EXERCISE DIRECTIONS: Copy from the first line below down to and including the line with "Solution 1 is". Skip the pictures.

DATA PROVIDED:

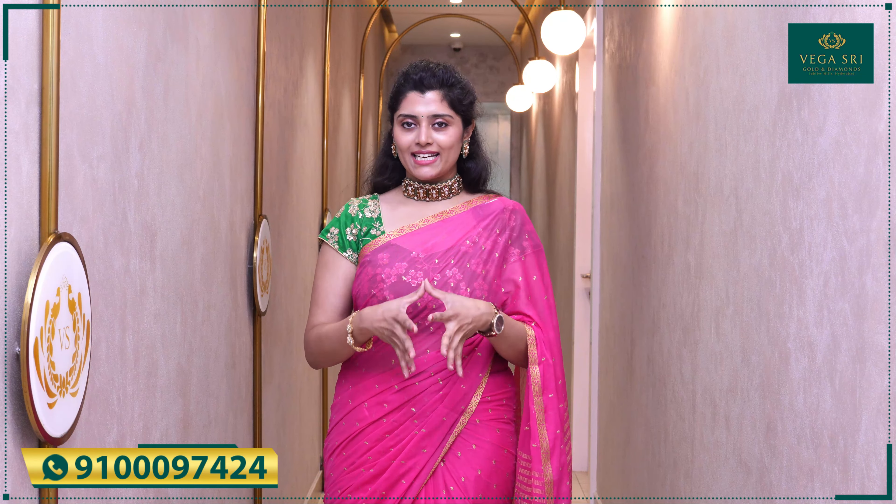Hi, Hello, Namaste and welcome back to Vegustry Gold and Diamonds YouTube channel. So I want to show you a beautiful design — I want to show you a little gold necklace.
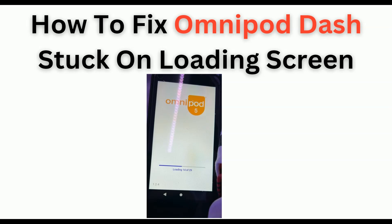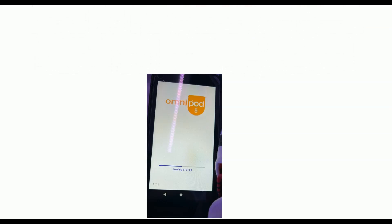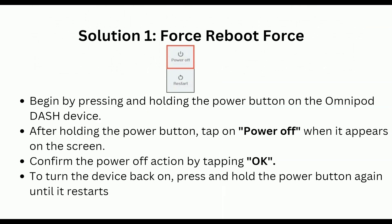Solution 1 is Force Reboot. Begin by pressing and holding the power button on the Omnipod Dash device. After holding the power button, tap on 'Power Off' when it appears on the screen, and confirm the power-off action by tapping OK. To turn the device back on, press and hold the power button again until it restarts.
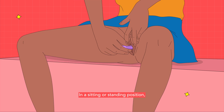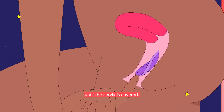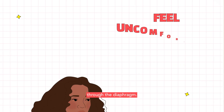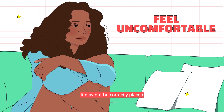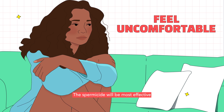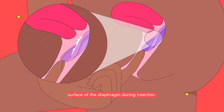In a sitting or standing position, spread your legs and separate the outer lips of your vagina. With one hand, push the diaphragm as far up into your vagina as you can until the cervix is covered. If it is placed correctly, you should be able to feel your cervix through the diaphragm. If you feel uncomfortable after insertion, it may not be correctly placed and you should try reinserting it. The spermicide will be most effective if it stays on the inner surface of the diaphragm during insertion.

TASK RESPONSE:
Hi, Hello, Namaste and welcome back to Vegustry Gold and Diamonds YouTube channel. So I want to show you a beautiful design — I want to show you a little gold necklace.
Solution 1 is Force Reboot. Begin by pressing and holding the power button on the Omnipod Dash device. After holding the power button, tap on 'Power Off' when it appears on the screen, and confirm the power-off action by tapping OK. To turn the device back on, press and hold the power button again until it restarts.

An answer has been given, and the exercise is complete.